Short descriptive text snippets:

● ● ● ● ● ● ●

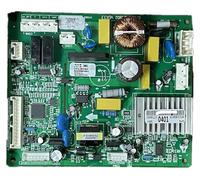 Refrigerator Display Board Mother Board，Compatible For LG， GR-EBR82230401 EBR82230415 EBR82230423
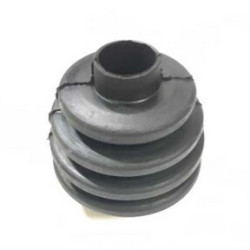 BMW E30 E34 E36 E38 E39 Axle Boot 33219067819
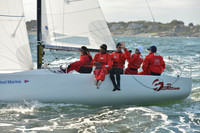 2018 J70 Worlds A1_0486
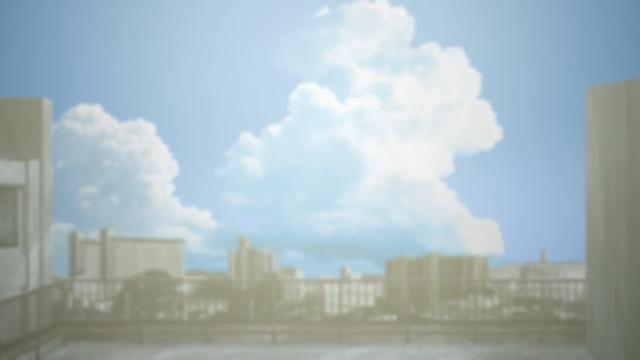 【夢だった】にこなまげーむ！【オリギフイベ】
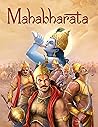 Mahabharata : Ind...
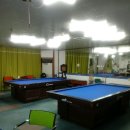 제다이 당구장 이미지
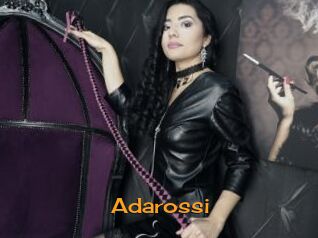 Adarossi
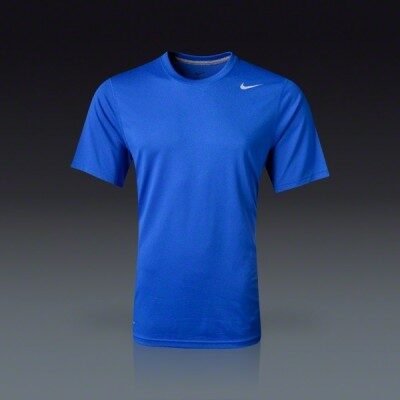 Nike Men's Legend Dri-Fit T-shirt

● ● ● ● ● ● ●

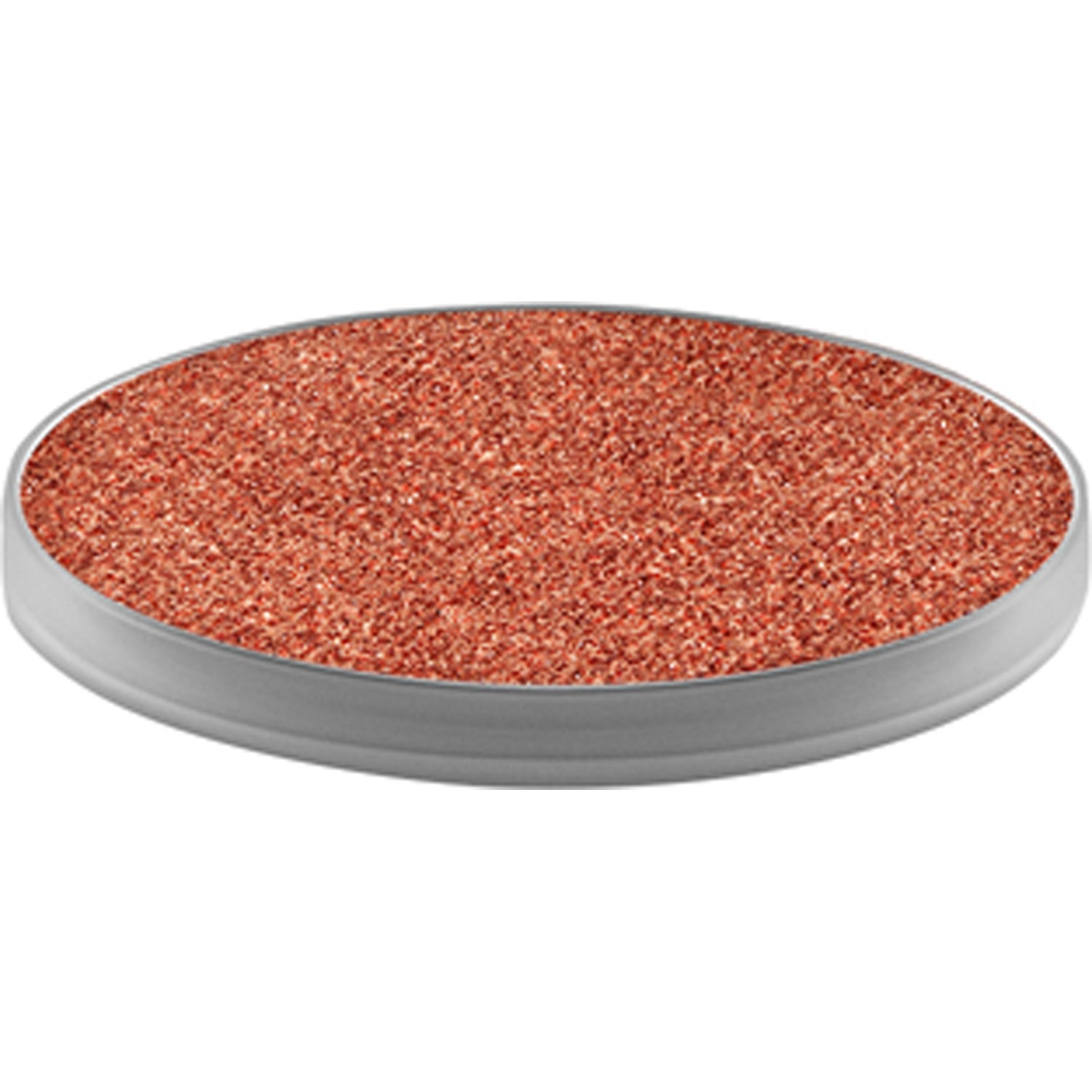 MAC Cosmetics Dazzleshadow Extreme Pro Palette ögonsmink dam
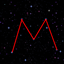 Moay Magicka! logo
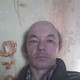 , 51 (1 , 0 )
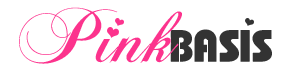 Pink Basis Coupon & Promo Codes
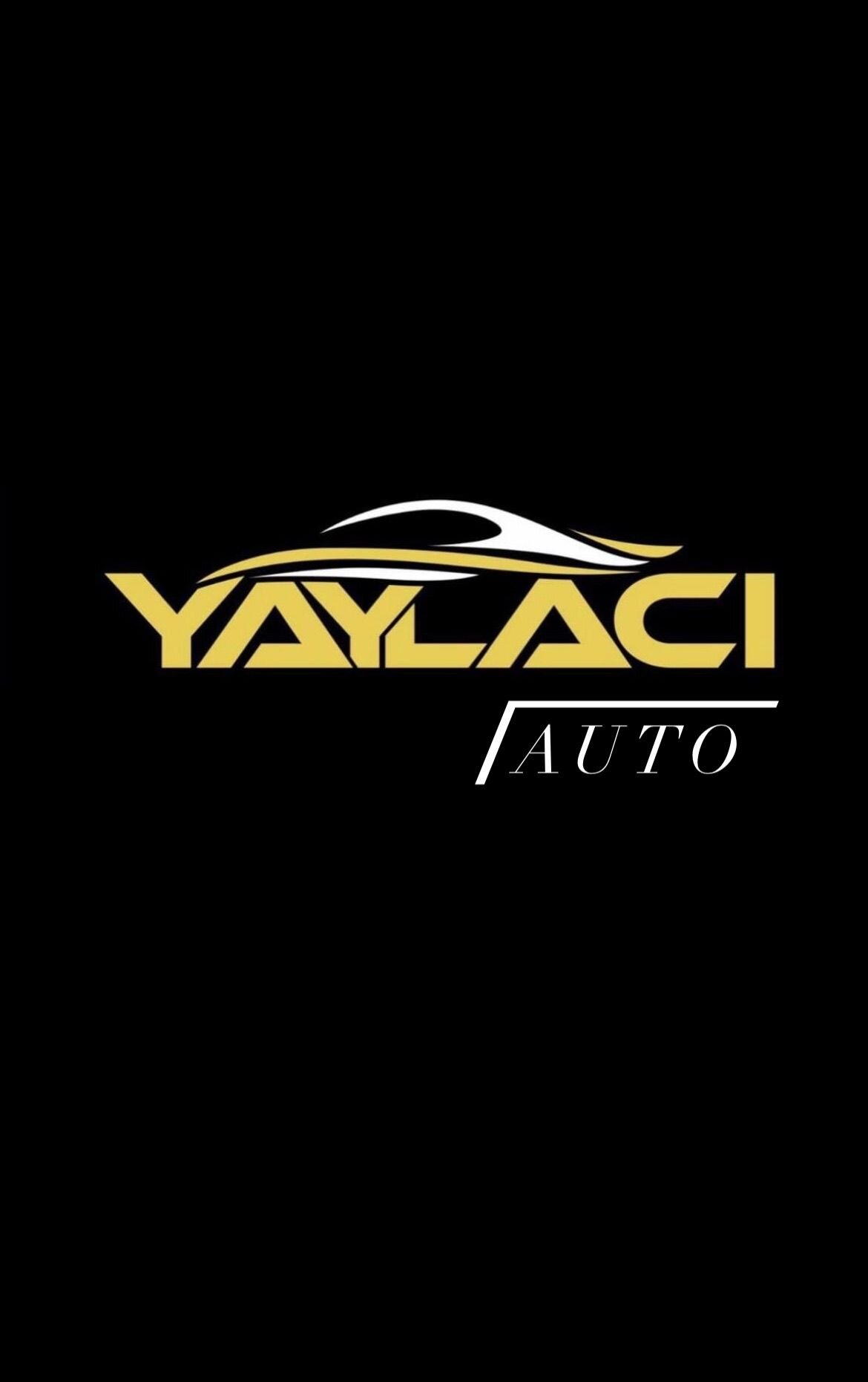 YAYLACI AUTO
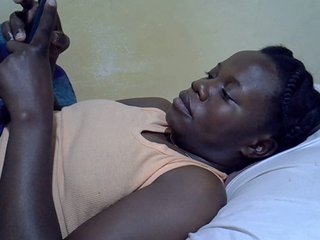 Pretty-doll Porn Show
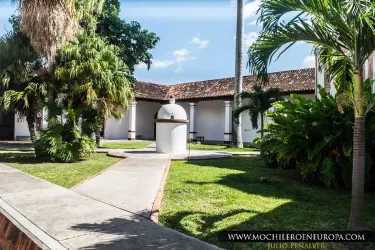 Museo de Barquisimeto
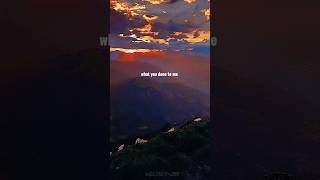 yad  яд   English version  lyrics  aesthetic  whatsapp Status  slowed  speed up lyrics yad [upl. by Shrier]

● ● ● ● ● ● ●

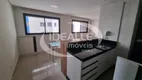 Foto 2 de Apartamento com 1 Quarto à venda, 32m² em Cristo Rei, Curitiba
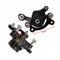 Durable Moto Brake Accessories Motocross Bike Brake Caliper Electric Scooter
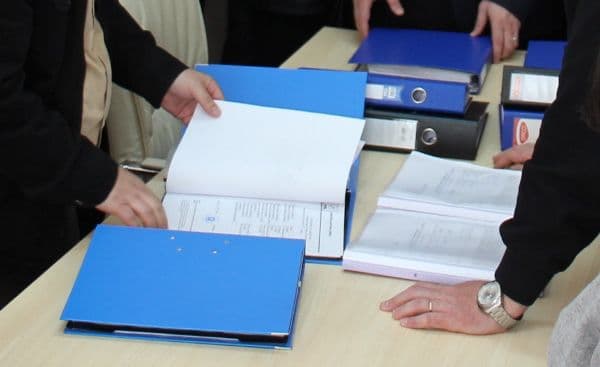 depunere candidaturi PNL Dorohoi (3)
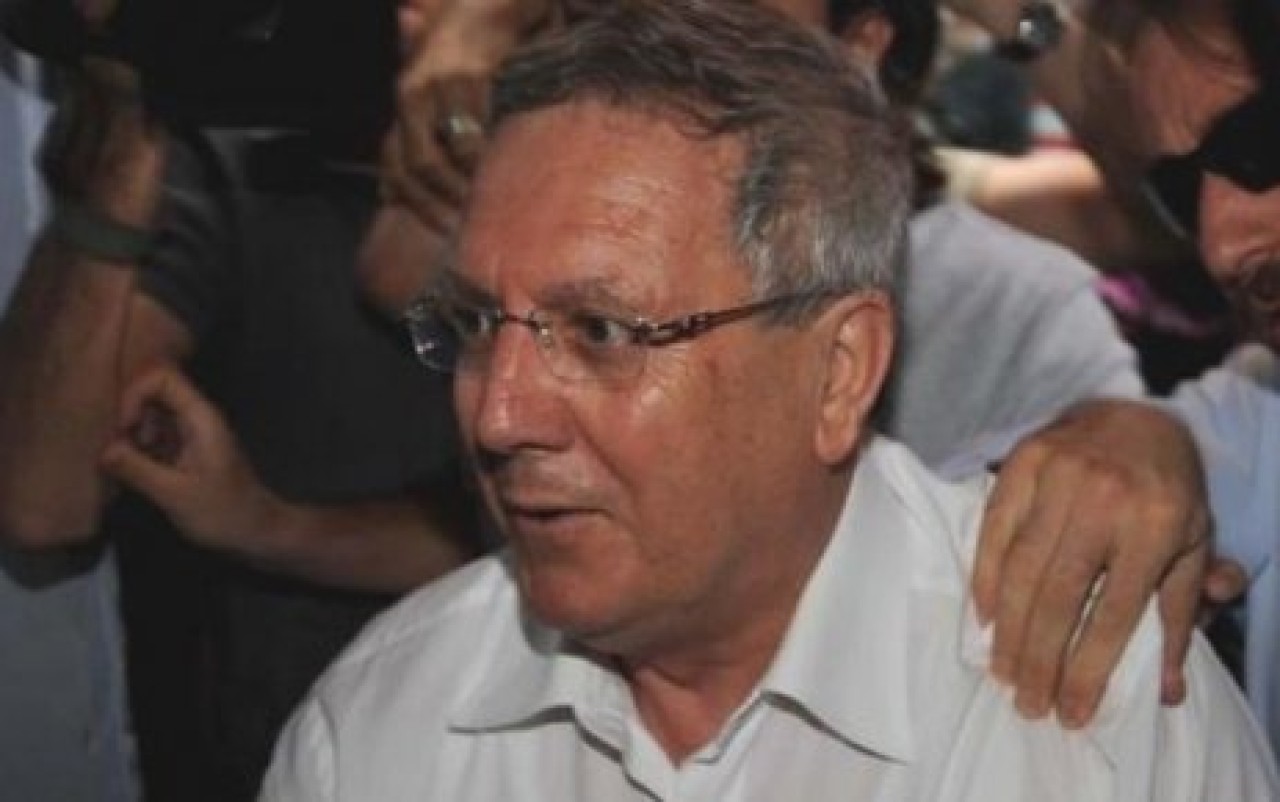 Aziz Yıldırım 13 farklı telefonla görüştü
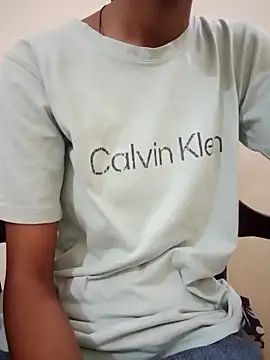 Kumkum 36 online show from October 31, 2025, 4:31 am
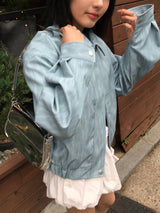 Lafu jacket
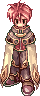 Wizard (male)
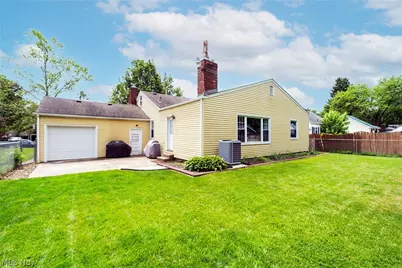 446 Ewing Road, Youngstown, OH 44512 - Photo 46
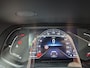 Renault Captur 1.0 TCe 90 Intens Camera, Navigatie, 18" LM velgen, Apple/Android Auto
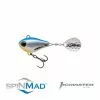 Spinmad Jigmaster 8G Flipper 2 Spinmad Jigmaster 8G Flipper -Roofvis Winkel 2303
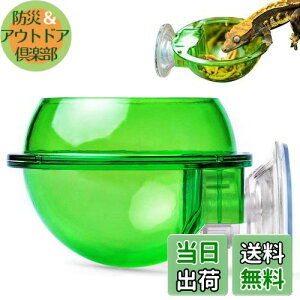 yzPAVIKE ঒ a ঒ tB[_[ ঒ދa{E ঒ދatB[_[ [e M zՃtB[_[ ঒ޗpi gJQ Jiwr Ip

● ● ● ● ● ● ●

TASK PROMPT:
The output is the stretch above from the line with "Refrigerator Display Board" through the line with "Nike Men's Legend Dri-Fit T-shirt", copied word for word with both ends kept and every picture dropped.

RESULT OF THIS TASK:
 Refrigerator Display Board Mother Board，Compatible For LG， GR-EBR82230401 EBR82230415 EBR82230423
 BMW E30 E34 E36 E38 E39 Axle Boot 33219067819
 2018 J70 Worlds A1_0486
 【夢だった】にこなまげーむ！【オリギフイベ】
 Mahabharata : Ind...
 제다이 당구장 이미지
 Adarossi
 Nike Men's Legend Dri-Fit T-shirt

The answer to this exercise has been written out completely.